**GOAL OF THE EXERCISE:** Which lines run from the one containing "Used 2025 Chevrolet" to the end of the records? Write them out exactly, both ends included, and nothing else.

GIVEN INFORMATION below:

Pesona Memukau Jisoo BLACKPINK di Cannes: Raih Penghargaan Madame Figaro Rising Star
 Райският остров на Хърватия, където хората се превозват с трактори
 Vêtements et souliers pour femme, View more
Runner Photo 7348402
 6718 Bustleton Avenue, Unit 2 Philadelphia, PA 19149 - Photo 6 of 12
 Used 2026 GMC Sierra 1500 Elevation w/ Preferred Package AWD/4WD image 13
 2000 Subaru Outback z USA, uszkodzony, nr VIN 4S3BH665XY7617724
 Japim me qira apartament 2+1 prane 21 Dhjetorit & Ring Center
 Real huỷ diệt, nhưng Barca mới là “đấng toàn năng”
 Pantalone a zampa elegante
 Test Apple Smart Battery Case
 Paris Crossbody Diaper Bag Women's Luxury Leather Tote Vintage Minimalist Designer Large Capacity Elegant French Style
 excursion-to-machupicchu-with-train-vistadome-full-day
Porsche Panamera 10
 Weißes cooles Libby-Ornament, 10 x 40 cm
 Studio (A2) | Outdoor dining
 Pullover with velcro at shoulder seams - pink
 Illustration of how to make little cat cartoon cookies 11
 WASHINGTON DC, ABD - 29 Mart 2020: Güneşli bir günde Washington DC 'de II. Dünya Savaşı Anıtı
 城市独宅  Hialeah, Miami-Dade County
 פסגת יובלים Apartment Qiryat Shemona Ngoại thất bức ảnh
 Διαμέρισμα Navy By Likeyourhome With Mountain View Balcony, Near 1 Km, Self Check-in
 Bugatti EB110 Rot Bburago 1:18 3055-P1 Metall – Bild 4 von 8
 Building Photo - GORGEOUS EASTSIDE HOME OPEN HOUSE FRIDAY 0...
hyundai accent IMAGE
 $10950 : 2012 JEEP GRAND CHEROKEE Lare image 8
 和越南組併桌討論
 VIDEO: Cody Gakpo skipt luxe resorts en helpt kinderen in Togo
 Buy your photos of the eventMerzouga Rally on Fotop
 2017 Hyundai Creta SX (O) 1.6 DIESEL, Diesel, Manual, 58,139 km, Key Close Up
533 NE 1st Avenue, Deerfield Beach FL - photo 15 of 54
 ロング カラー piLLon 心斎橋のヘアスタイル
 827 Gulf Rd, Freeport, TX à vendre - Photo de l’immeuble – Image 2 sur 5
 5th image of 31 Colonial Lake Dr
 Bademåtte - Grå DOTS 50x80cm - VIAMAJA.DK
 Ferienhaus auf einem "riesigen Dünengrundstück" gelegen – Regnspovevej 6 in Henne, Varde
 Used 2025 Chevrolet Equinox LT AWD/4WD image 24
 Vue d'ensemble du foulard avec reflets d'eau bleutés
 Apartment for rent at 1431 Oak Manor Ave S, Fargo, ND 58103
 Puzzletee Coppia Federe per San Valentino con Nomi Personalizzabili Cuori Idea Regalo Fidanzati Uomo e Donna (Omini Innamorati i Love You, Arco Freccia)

End of GIVEN INFORMATION.

**FINISHED TASK:**
 Used 2025 Chevrolet Equinox LT AWD/4WD image 24
 Vue d'ensemble du foulard avec reflets d'eau bleutés
 Apartment for rent at 1431 Oak Manor Ave S, Fargo, ND 58103
 Puzzletee Coppia Federe per San Valentino con Nomi Personalizzabili Cuori Idea Regalo Fidanzati Uomo e Donna (Omini Innamorati i Love You, Arco Freccia)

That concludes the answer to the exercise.